### Work to complete
Filter the entries below, keeping every line that has the word "with".

### Record set
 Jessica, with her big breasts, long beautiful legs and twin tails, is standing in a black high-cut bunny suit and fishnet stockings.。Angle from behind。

...

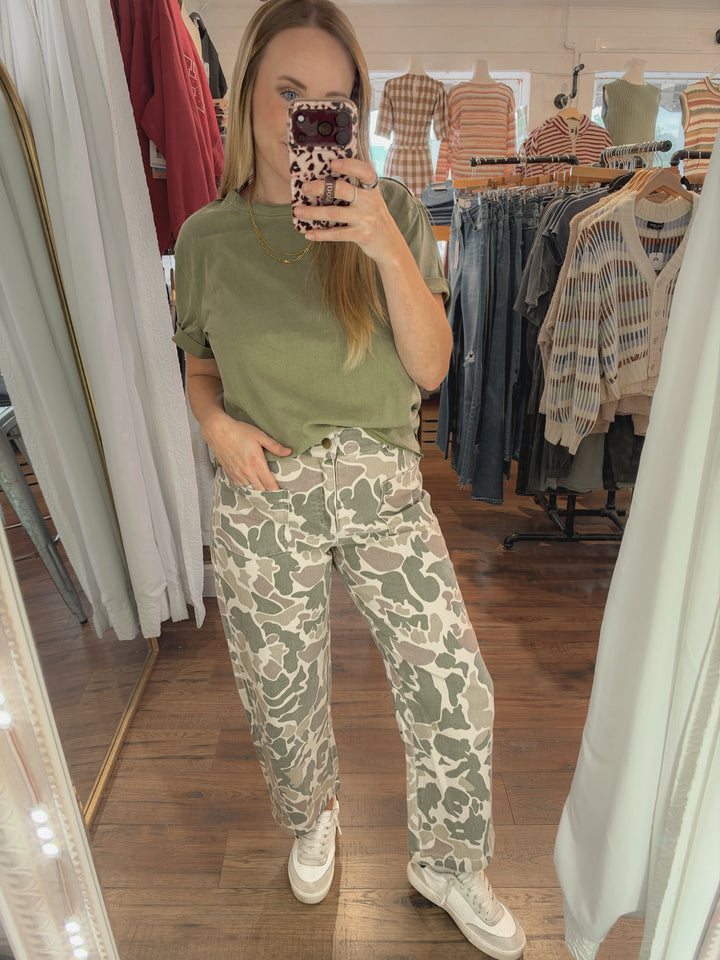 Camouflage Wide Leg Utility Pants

==

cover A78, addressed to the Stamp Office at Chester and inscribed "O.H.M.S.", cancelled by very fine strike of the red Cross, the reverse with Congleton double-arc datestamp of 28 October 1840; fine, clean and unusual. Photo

### Reply to the task
 Jessica, with her big breasts, long beautiful legs and twin tails, is standing in a black high-cut bunny suit and fishnet stockings.。Angle from behind。
cover A78, addressed to the Stamp Office at Chester and inscribed "O.H.M.S.", cancelled by very fine strike of the red Cross, the reverse with Congleton double-arc datestamp of 28 October 1840; fine, clean and unusual. Photo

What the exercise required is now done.